*** Task data
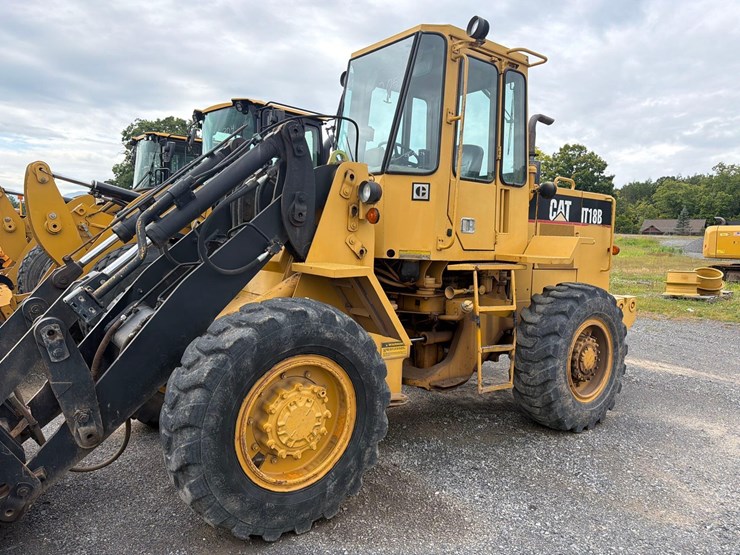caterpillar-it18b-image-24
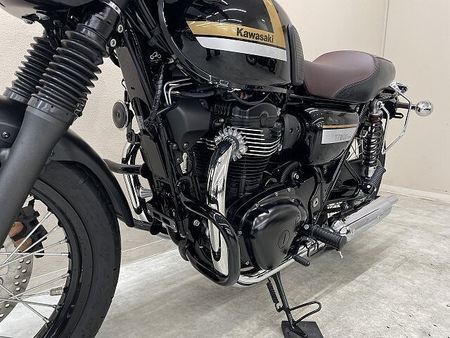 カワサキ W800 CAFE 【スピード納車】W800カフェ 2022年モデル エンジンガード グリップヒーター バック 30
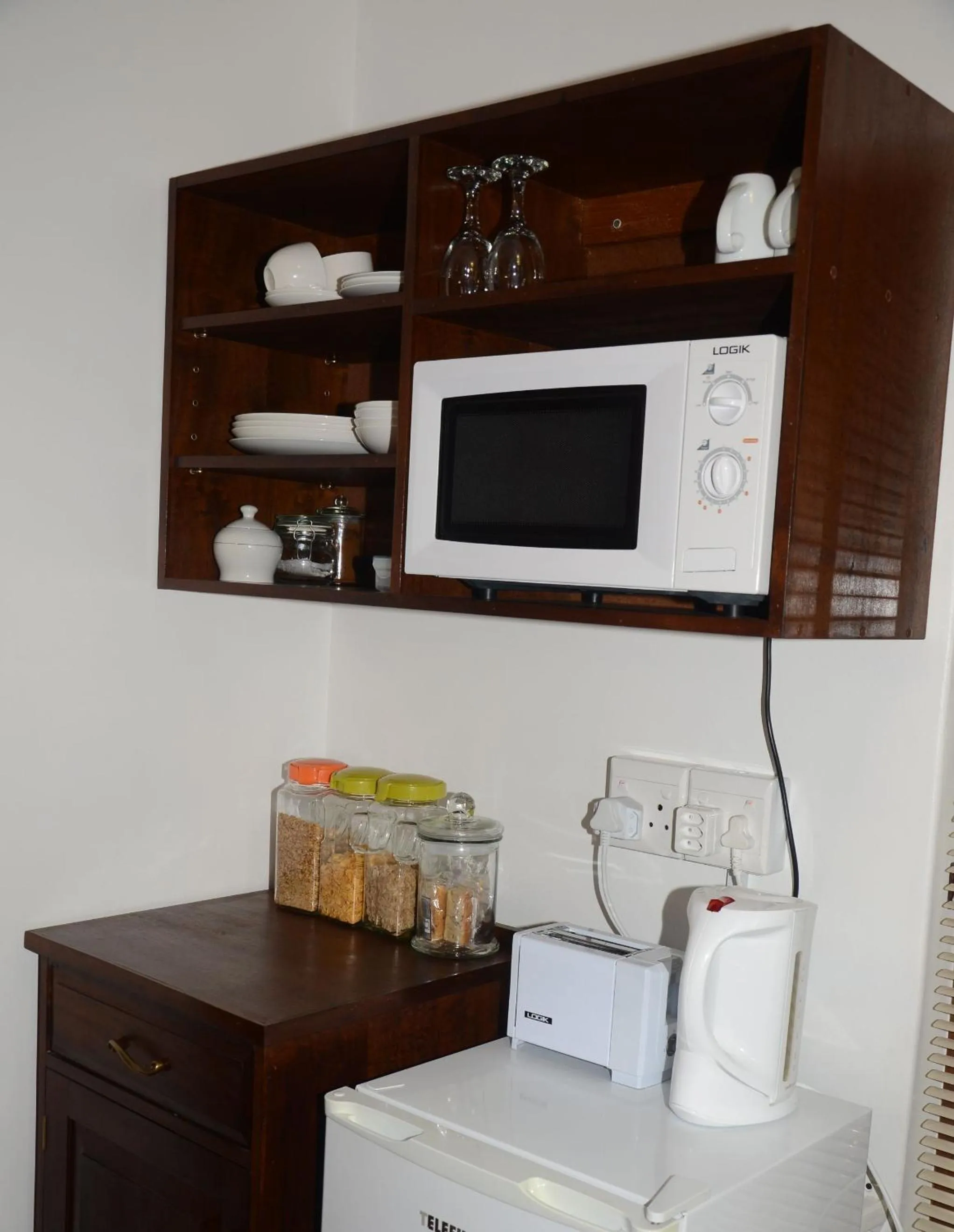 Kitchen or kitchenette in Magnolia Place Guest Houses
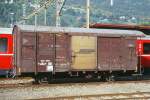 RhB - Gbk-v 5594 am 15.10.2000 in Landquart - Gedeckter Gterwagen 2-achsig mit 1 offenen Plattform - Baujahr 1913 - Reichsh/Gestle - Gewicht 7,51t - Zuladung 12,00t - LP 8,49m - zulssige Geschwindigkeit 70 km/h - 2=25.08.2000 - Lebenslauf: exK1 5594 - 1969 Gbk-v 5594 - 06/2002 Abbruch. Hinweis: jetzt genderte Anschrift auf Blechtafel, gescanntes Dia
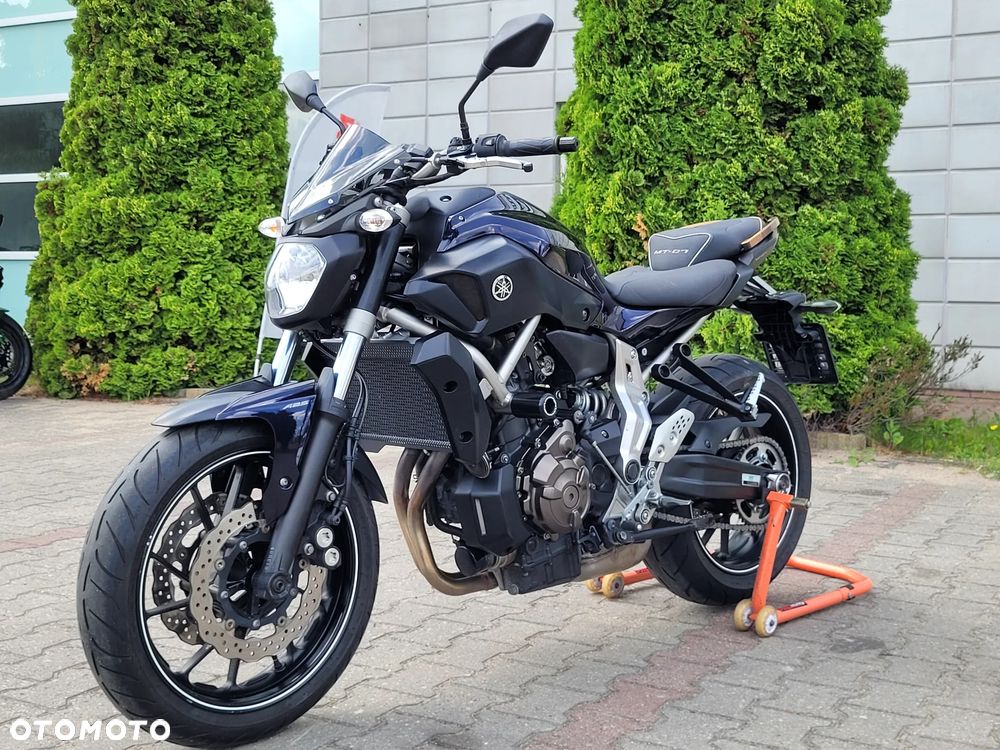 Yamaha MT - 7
******
*** Task data
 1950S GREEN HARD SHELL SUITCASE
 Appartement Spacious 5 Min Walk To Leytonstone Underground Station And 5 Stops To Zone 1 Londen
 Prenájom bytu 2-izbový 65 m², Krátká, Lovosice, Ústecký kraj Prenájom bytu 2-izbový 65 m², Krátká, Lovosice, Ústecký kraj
******
Your task:
Exact copy, pictures excluded: every line above from the one containing "caterpillar-it18b-image-24" to the one containing "Yamaha MT - 7", inclusive, and nothing more.

Reply to the exercise:
caterpillar-it18b-image-24
 カワサキ W800 CAFE 【スピード納車】W800カフェ 2022年モデル エンジンガード グリップヒーター バック 30
 Kitchen or kitchenette in Magnolia Place Guest Houses
 RhB - Gbk-v 5594 am 15.10.2000 in Landquart - Gedeckter Gterwagen 2-achsig mit 1 offenen Plattform - Baujahr 1913 - Reichsh/Gestle - Gewicht 7,51t - Zuladung 12,00t - LP 8,49m - zulssige Geschwindigkeit 70 km/h - 2=25.08.2000 - Lebenslauf: exK1 5594 - 1969 Gbk-v 5594 - 06/2002 Abbruch. Hinweis: jetzt genderte Anschrift auf Blechtafel, gescanntes Dia
 Yamaha MT - 7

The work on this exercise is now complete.